2.「戦略概念」から伺われる脅威認識と戦略の変化
2-1 1991年戦略概念
2-1-1 脅威認識
東西冷戦の終結により、NATO にとっての大規模かつ差し迫った潜在的脅威は消滅したとの認識を示しつつも、一方で、将来的な不確実性や安全保障上のリスクは残っているとし、
その例として、中欧・東欧諸国が直面している国内における経済・社会・政治上の困難や、民族・領土紛争などにより引き起こされる地域の不安定化を挙げている。
2-1-2 戦略
多種多様で予測が困難なリスクに対応することをNATO の課題として挙げることにより、同盟の存在意義を示している。

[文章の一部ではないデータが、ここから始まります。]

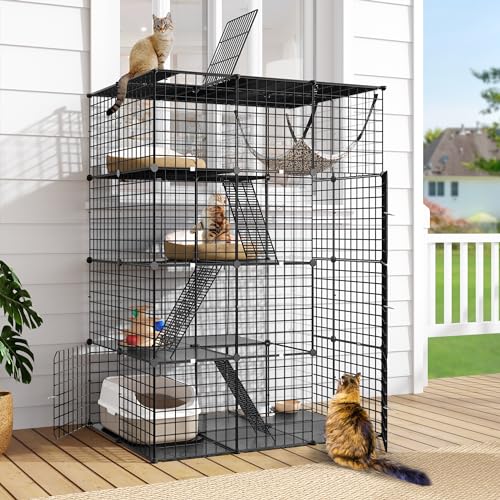 DWVO 4-stöckiger großer Katzenkäfig Innengehege, Zwinger DIY Katzenlaufstall Catio Kätzchen-Käfig mit großer Hängematte für 1-3 Katzen von DWVO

他方、軍事的観点からは、必要に応じて前方防衛におけるプレゼンスを縮小し、柔軟反応戦略のコンセプトを修正し核への依存を低下させ、NATO 軍の全体としての規模やレディネス態勢を削減させるとしている。このことから、大規模部隊の配備による伝統的な集団防衛重視の姿勢から、展開力、機動力、柔軟性の高い小規模部隊により、多様化する任務に適切に対応できる体制へと変化しようとする試みが伺える。
2-2 1999 年戦略概念
2-2-1 脅威認識
1991年戦略概念では抽象的であったNATO にとってのリスクを、1999 年戦略概念では約10 年の実践を経てより具体化させたことが特徴である。即ち、NATO に対する大規模な侵略の可能性は極めて低いものの、NATOの周辺における経済危機、民族・宗教・領土の紛争、人権の侵害、国家の破たんなどの地域的危機を含む予測困難な多様な軍事的、非軍事的リスクをNATOの潜在的脅威として挙げている。
2-2-2 戦略概念
NATOの潜在的脅威となり得るリスクの拡大を防止するためには、域外における危機管理任務が必要であるとの認識から、1995年8月にはボスニア・ヘルツェゴビナ紛争へ、1999年3 月にはコソボ紛争へ介入した。ボスニア・ヘルツェゴビナ紛争は、ユーゴスラビアから独立したボスニア・ヘルツェゴビナで1992年から1995年まで続いた内戦で、1995年8月、NATO加盟諸国が行ったセルビア陸軍に対する空爆によって停戦となった。また、コソボ紛争は、ユーゴスラビア内戦の過程で、1998年2月から1999年3月にかけて行われたユーゴスラビア軍及びセルビア人勢力と、コソボの独立を求めるアルバニア人の武装組織コソボ解放軍との戦闘である。NATOはコソボのアルバニア人支援と言う人道上の理由から本紛争に介入、1999年3月24日から6月10日にかけて航空攻撃を行った。この作戦にはNATO13カ国の空軍機が参加した。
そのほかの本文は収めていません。